L'errore fondamentale degli economisti consiste nel far coincidere, secondo una sorta di uguaglianza, l'economia umana con l'economia di mercato. Ma a differenza della società occidentale, la realtà economica delle comunità tradizionali è costituita essenzialmente da unità produttive familiari e non da imprese d'affari. In queste società non dominate dal mercato, il lavoro e la terra non sono trattate come merce e la produzione in genere non è destinata alla vendita, se non in piccola parte.

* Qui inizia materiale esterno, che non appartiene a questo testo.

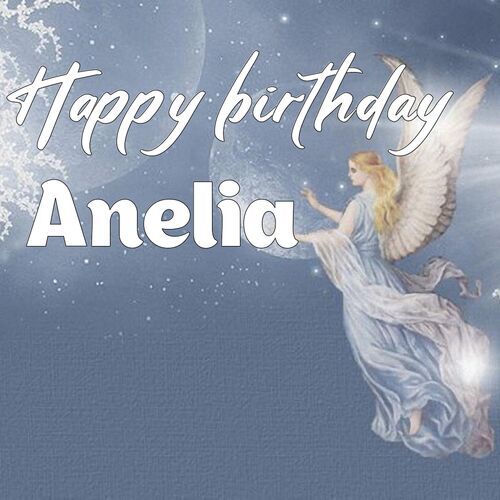 Открытка Anelia Happy birthday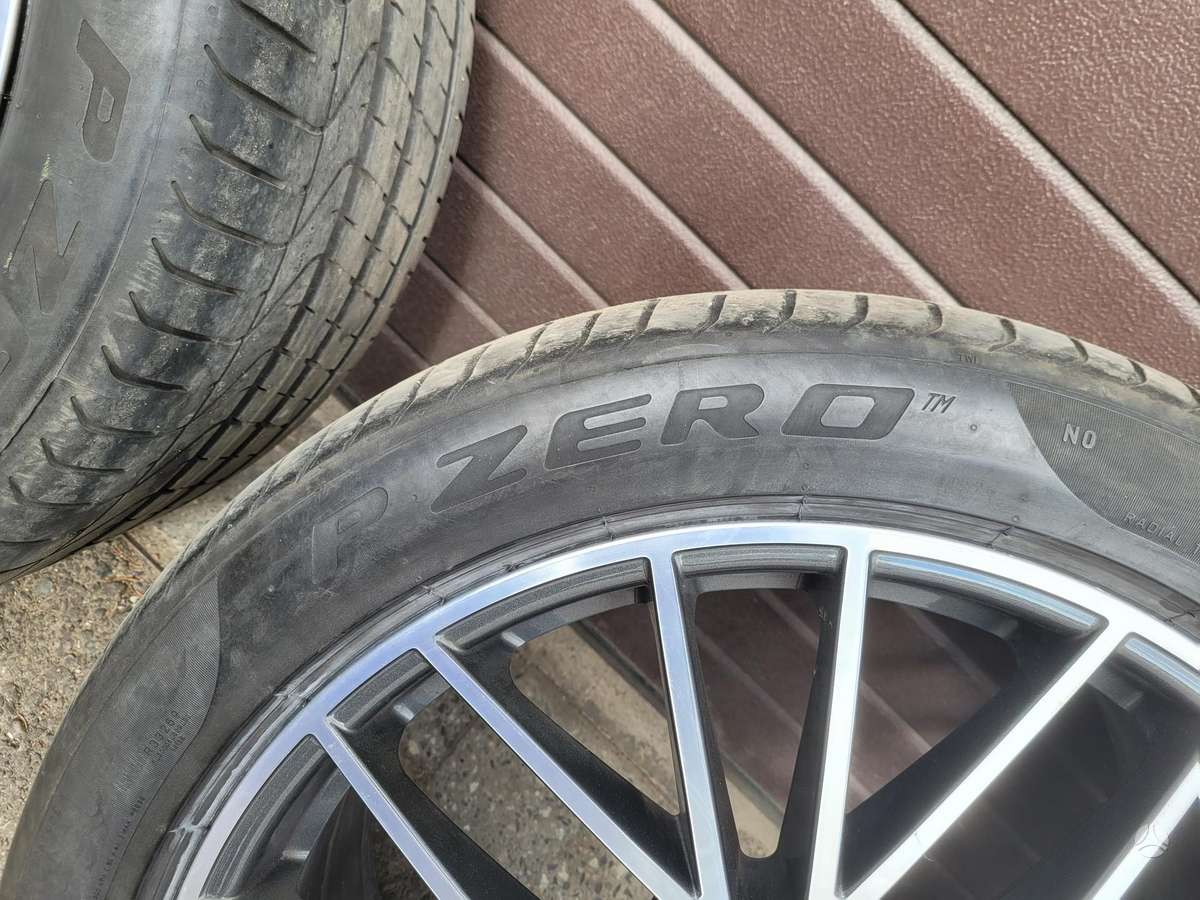 Porsche Su padangomis, light alloy, R21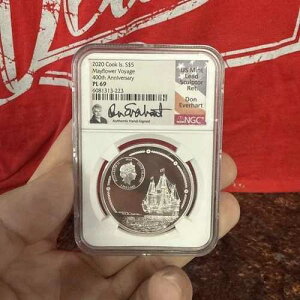 �N�b�N���� 2020�N S$5 �V���o�[ ���C�t�����[�� NGC PL 69 400���N�L�O (NICE)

Mentre nella società capitalistica l'economia è totalmente separata dal sociale, nelle comunità indigene è del tutto immersa nel sistema sociale e culturale, di cui è parte integrante. L'attività economica, pertanto, non è strutturalmente differente dalle altre attività sociali.
Ma il tentativo di inserire le popolazioni native in una logica economica occidentale risale al periodo coloniale. Da una parte vi era la spinta moralizzatrice che intendeva diffondere i valori occidentali, molti dei quali avevano un contenuto prevalentemente economico, come l'etica del lavoro o la proprietà privata della terra. Dall'altra vi era l'esigenza di sfruttare le risorse delle colonie, soprattutto attraverso l'uso della manodopera indigena, che veniva costretta a lavorare, anche se queste popolazioni non erano affatto desiderose di lavorare per gli occidentali. Per superare questo problema si ricorreva spesso ai lavori forzati. Per fare solo alcuni esempi nella colonia olandese di Celebes, come pure in Africa e in America, gli indigeni dovevano sottostare a due mesi di lavori forzati all'anno. Questa corvée veniva considerata come una tassa giustificata dal fatto che non possedendo denaro potevano pagarla attraverso la forza lavoro. Nell'Africa Occidentale francese, con un decreto del 1926, ogni uomo aveva l'obbligo di lavorare per tre anni alla costruzione di strade, ferrovie e altri progetti di sviluppo. E così in molti altri paesi fino a quando il lavoro forzato non venne ufficialmente abolito dalla comunità mondiale nel 1957.
Nelle zone di produzione della gomma bande armate assaltavano i villaggi per rapire gli indios e costringerli a lavorare nelle piantagioni con il duplice scopo di ottenere manodopera ed "educare" gli indigeni all'etica del lavoro: "Non è strano dunque che esista la crudele pratica delle correrias che consiste nel sorprendere i membri di una tribù nelle loro case e farli prigionieri. I prigionieri vengono presi per essere portati in zone lontane a lavorare... Questo tipo di catechizzazzione ha il vantaggio di far sì che l'individuo abbia l'idea precisa dell'importanza che il suo lavoro riveste nel commercio dei popoli civilizzati... [sottolineatura mia] ...Nel nostro secolo, questa pratica è crudele e ferisce nel più profondo la nostra sensibilità; ma si deve riconoscere che essa fornisce alla civilizzazione uno straordinario e rapido aiuto". (Conferencia sobre la colonizacion de Loreto).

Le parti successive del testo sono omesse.